In its team debut at the Golfweek Red Sky Challenge, USC went 45 under par over 54 holes to finish 17 shots better than runner-up Pepperdine.
USC is not a team that shows up unprepared. And preparedness was even more evident over the past week at nearly 8,000 feet in the Colorado mountains.
In its team debut at the Golfweek Red Sky Challenge, USC went a head-turning 45 under par over 54 holes to finish 17 shots better than runner-up Pepperdine and take home its first title of the season. The Trojans began putting in the work at simulated altitude more than a week before showing up on site at Red Sky Golf Club in Wolcott, Colorado.
“We really attack our yardage work more aggressively than most teams,” head coach Justin Silverstein said. “We really attacked the elevation change. About 10 days ago we were doing all of our yardage testing at 7,700 feet in our indoor facilities. We did that two or three times to try to get them comfortable.”
This has become a hallmark of Silverstein’s USC squads. Silverstein is a number cruncher, often finding an edge in the data.
Combining that method with a talented squad, tee to green, and a soft, attackable golf course produced a team performance that was in NCAA record territory. Iowa State’s women own that honor after going 60 under at the Mountain View Collegiate in 2023. Stanford has twice gone 50 under.
Rain after the first round went a long way in softening up Red Sky, and a wet second round presented a significant challenge for the field. It played right into USC’s hands, however.
“Historically, when we’ve gotten a soft golf course with very little wind, we’ve done really well,” Silverstein said. “I think it’s a credit to the yardage work we do at home. I think we do as much as anybody in the country as far as pure yardage work is concerned.
“The hole locations (at Red Sky) were very difficult, but they were pretty accessible because it was soft. So I think we just did a good job hitting our numbers and our team struck it pretty well and it obviously showed with the score.”
The Golfweek Red Sky Challenge is now in its 16th year. Silverstein added it to the schedule for the first time this fall after noting that talented teams with savvy coaches were returning to Red Sky year after year. When he was pulling together his fall calendar a year ago, he thought it might be a nice change on a World Amateur Team Championship year, and one that would be relatively easy to get to from the West Coast. Silverstein is also no stranger to the course itself, having seen it in person at the start of his coaching career when he traveled here as the Arizona assistant coach.

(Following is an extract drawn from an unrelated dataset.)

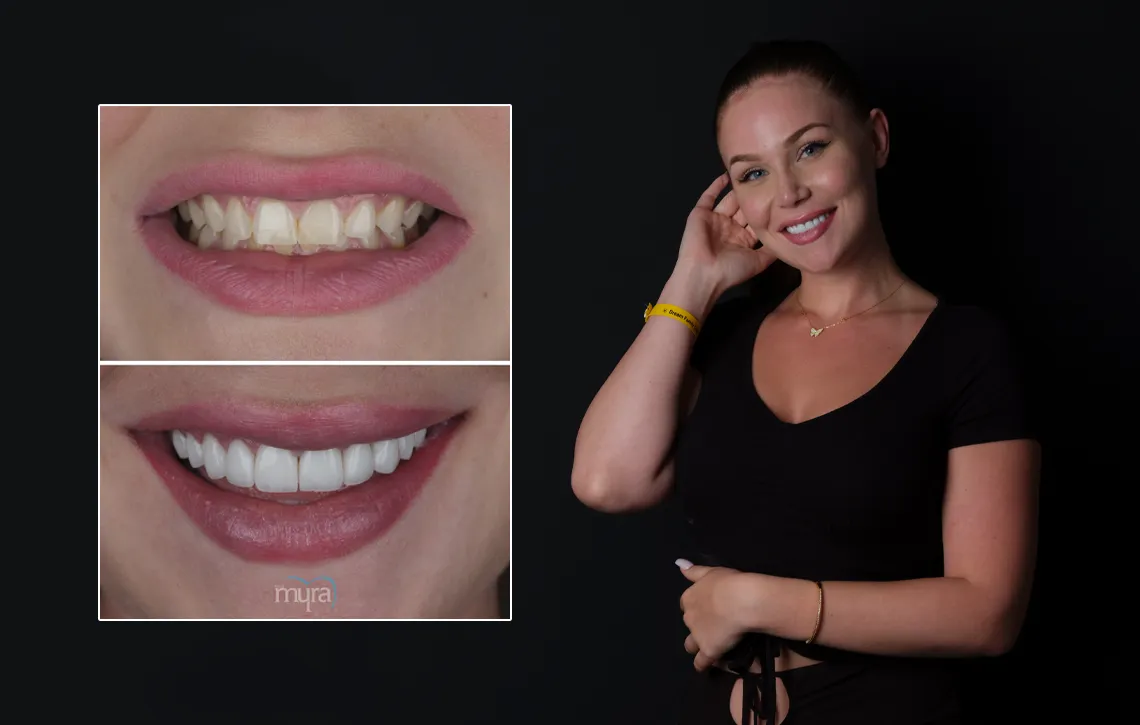 One Tip To Dramatically Improve Your composite fillings Blue Springs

USC went into almost unheard-of scoring territory at Red Sky, an undulating mountain layout with slick greens that requires plenty of match when it comes to calculating yardages because of its high altitude. USC’s 45-under team score is a tournament record, topping UCLA’s 32-under performance from 2018. Interestingly, USC assistant coach Bethany Wu was a member of that UCLA squad.
“I think we drive it well, I think that’s part of the reason we’re a really good team and have a pretty good chance this year,” Silverstein said, “but I think with the soft greens and the distance control is why we were able to go so deep.”
Silverstein hadn’t run the numbers immediately after carting off Red Sky hardware, but it was apparent that his team’s performance on Red Sky’s greens was a difference maker. To the team, Red Sky’s greens were similar in shape to the greens at Trump National in Los Angeles, one of the team’s home facilities. They’re the same speed as USC’s main home facility, Rolling Hills Country Club, which, Silverstein notes, “has probably the best greens in Southern California if not California if not more than that.”
After Pepperdine (which has won five times at Red Sky), LSU, Arizona and Kansas rounded out the top 5, and all finished under par. Miami was sixth at 6 over.
USC players Kylie Chong and Jasmine Koo were co-medalists after each finished at 13 under. Koo made eagle on her final hole, the par-5 18th, to tie her teammate.
That went a long way in separating the Trojans from the field, but consider that USC didn’t even have one of its stars, Bailey Shoemaker, in the lineup. Shoemaker has been out with an injury but Silverstein is hopeful she'll be back when USC tees it up next month at the Stanford Intercollegiate.